The Spectrum

Arts & Entertainment

Litefeet Dancers Part of Hip-hop Lineage

By Grace Oladunni

Staff writer

“Clap your hands, clap your hands … ” Those lyrics were thumping hard out of a loud speaker.

A solo dancer, encircled by a crowd of other dancers, was showing off his new skills. He wasn’t this good when he started out doing Litefeet, one of the latest forms of hip-hop dancing, with roots in breakdancing and pop-locking. It’s very improvisational.

“Wooooooooooo” several people screamed, at once, while that soloist, who goes by his performance name, Kev, was showing off.

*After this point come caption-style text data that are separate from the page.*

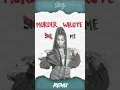 Download Lagu MURDER ME WROTE Remix🔥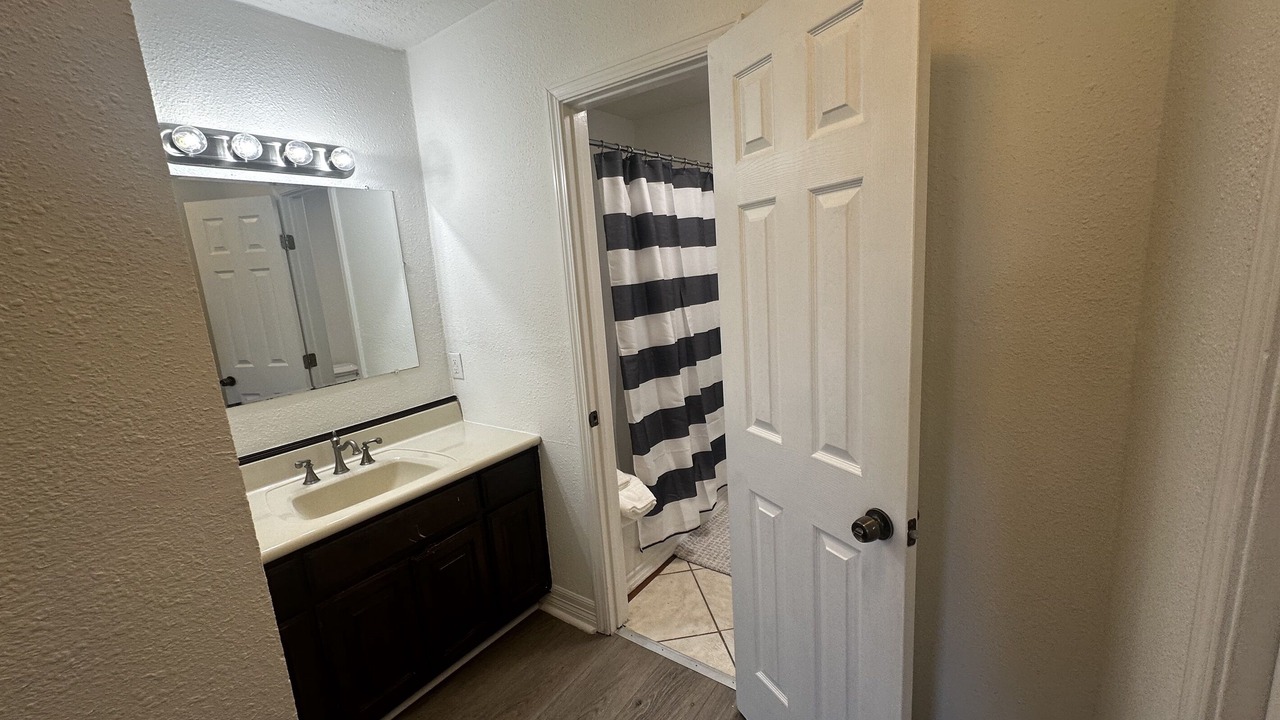 Photo of Bathroom in Bridge City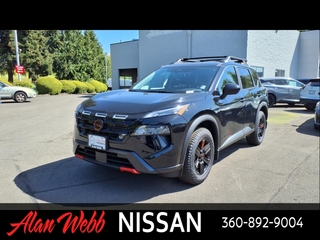 2025 Nissan Rogue for sale in Vancouver WA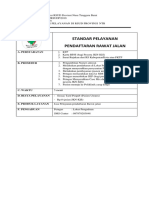 1.a.k1 Daftar Standar Pelayanan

Kev had made some major improvement since he started out in Litefeet.

“That was definitely progress,” said Scientist, a co-coordinator of that Saturday night’s combination of solo performances and dance battles, as he watched Kev.

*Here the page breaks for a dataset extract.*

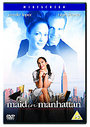 Maid In Manhattan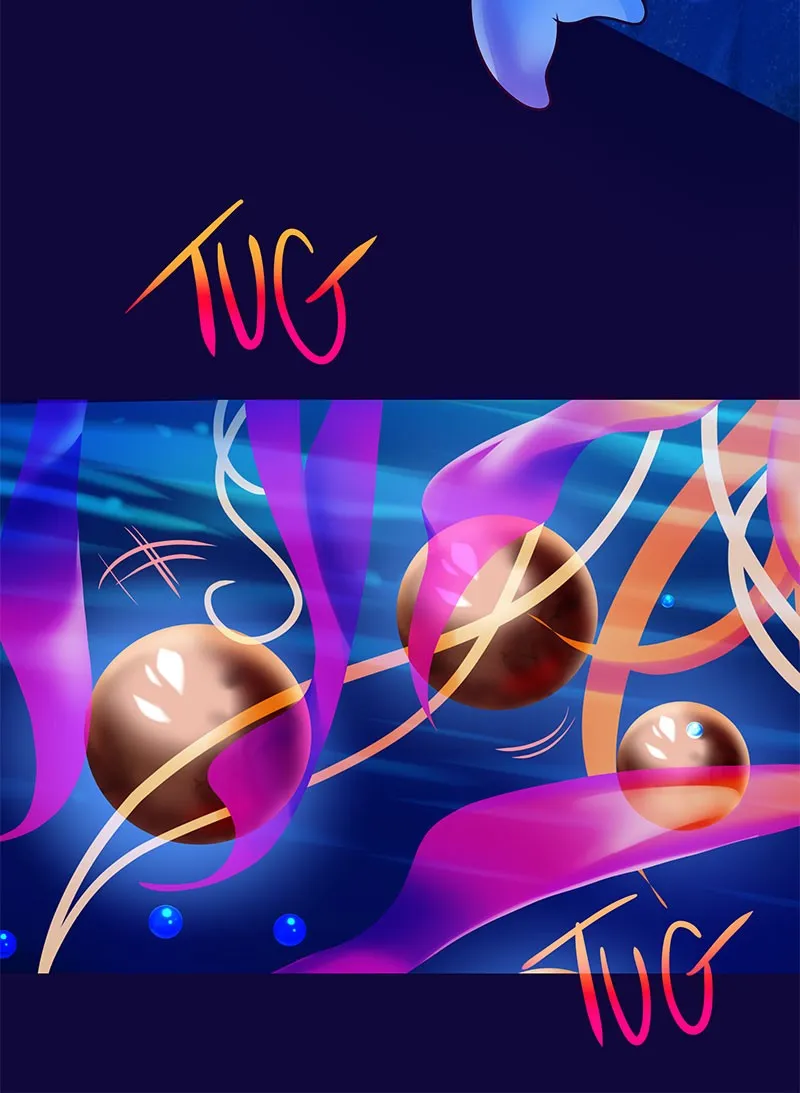 Strawberry Seafoam Chapter 35 page 35 -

Litefeet isn’t just done in places like the Murphy Community Center in the West Bronx, as it was that night. Born in Harlem in the early 2000s, it’s also taught in dance studios across the United States and such international cities as London and Tokyo. Dances including the Harlem Shake, Chicken Noodle Soup, Tone Wop, The Bad One and Aunt Jackie have been incorporated into litefeet movements, which also includes hat tricks, shoe tricks, shirt tricks, elaborate footwork, shuffling and acrobatics.

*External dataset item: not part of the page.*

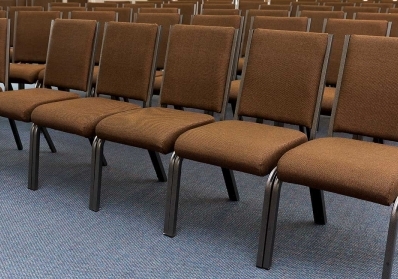 The Comprehensive Guide to Affordable Church Chairs blog image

“We put our literal all into this dance style, and that’s why I fell in love,” Scientist said.

He was in a room filled with younger and older dancers, experienced and less experienced ones. Dancers kept coming. The temperatures inside the un-air conditioned community center kept rising. Somebody flung the doors open. The dancers—sweating, laughing, talking, cheering whomever was in the center of things—didn’t stop, except when someone jumped on the mic: “Who wants to battle? … Who wants to solo? … ”

One of the oldest in the room was Bre Hall, another event coordinator. She’d tried litefeet dancing but wasn’t good at it. She gave it up but, for several reasons, loves being in an audience of litefeet lovers. “It’s amazing that people of color were able to create something so innovative,” she said, adding that she’s now a “professional spectator.” She goes to as many of these gatherings that she can fit on her calendar.

Several fans of this dance said their main reason for “getting lite” was simple. “Litefeet is the highest form of fun,” Elijah “E Solo” Soto said. “It’s the same way somebody might feel going on a rollercoaster or somebody playing a video game or buying new sneakers.”

“Wherever there’s life there’s litefeet,” Sean “Arnstar” Kirkland, who’s been featured on Netflix and prime time TV, told this reporter.

Litefeet, he added, is driven be the idea that anyone can practice what, to him, is an art form.

“Anything you put your mind to, you can do,” Kirkland said. “you are who you are looking for—and you only.”